Quick Wins (do these first):
  [ ] Compress all data files (Parquet + Zstd)
  [ ] Partition tables by date
  [ ] Add WHERE clauses on partition columns
  [ ] Replace SELECT * with explicit column lists
  [ ] Auto-suspend idle warehouses (Snowflake)
  [ ] Set query byte limits (BigQuery)

Medium Effort:
  [ ] Cluster tables by frequently filtered columns
  [ ] Materialize expensive subqueries as tables
  [ ] Move cold data to cheaper storage tiers
  [ ] Right-size warehouses (do not use XL for small queries)
  [ ] Implement query result caching

High Effort:
  [ ] Migrate from on-demand to reserved pricing
  [ ] Implement incremental processing (process only new data)
  [ ] Consolidate redundant pipelines
  [ ] Implement chargeback (teams pay for their usage)

Chargeback & Showback

Showback: Show each team how much they spend, but do not charge them.
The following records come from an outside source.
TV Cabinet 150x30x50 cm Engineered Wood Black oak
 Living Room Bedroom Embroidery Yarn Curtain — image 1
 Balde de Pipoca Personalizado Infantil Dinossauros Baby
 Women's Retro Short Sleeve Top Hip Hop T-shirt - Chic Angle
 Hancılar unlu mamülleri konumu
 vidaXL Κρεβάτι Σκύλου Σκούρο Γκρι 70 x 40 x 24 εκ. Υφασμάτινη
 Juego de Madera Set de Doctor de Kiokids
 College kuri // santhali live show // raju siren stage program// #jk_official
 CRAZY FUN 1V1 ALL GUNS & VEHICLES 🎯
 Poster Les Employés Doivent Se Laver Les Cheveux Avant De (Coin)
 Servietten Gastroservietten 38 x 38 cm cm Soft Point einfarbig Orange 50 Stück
Creates awareness.

Chargeback: Actually charge each team's budget for their data usage. Creates accountability.

Most organizations start with showback and move to chargeback as their data platform matures. The transition is cultural as much as technical.

Common Pitfalls

  • Optimizing storage costs instead of compute costs. Spending a week saving 50/monthonstoragewhileignoring50/month on storage while ignoring 5,000/month in unoptimized queries is backwards.
  • Not partitioning large tables. A 10 TB unpartitioned table is a ticking cost bomb. Every query pays the full table scan price.
  • Over-partitioning. Millions of tiny partitions create overhead that exceeds the savings. Partition by date, not by high-cardinality columns.
  • Running development workloads on production-grade infrastructure. Dev does not need an X-Large warehouse. Use X-Small or Small for development and testing.
  • No query cost guardrails. Without byte scan limits or cost controls, a single runaway query can cost thousands. BigQuery custom quotas and Snowflake resource monitors prevent this.
  • Ignoring idle resources. A Snowflake warehouse running 24/7 when it is only needed for 2 hours a day wastes 92% of its cost. Auto-suspend after 5 minutes of inactivity.
  • Treating cost optimization as a one-time project. Costs drift. New pipelines, new analysts, new queries. Review costs monthly and build cost awareness into the team culture.

Key Takeaways

  • Storage is cheap, compute is expensive. Optimize for compute costs first.
  • Compression (Parquet + Zstd) reduces both storage and compute costs. There is no reason not to compress.
  • Partitioning enables query engines to skip irrelevant data. Partition by date for time-series data. Ensure each partition has at least 128 MB.
  • Full table scans are the primary cost driver. Add partition filters, select specific columns, and filter early.
  • Use reserved pricing for predictable baseline workloads and on-demand for bursty peaks.
  • FinOps is a team discipline: track costs per team and pipeline, set guardrails, and review monthly. Start with showback, evolve to chargeback.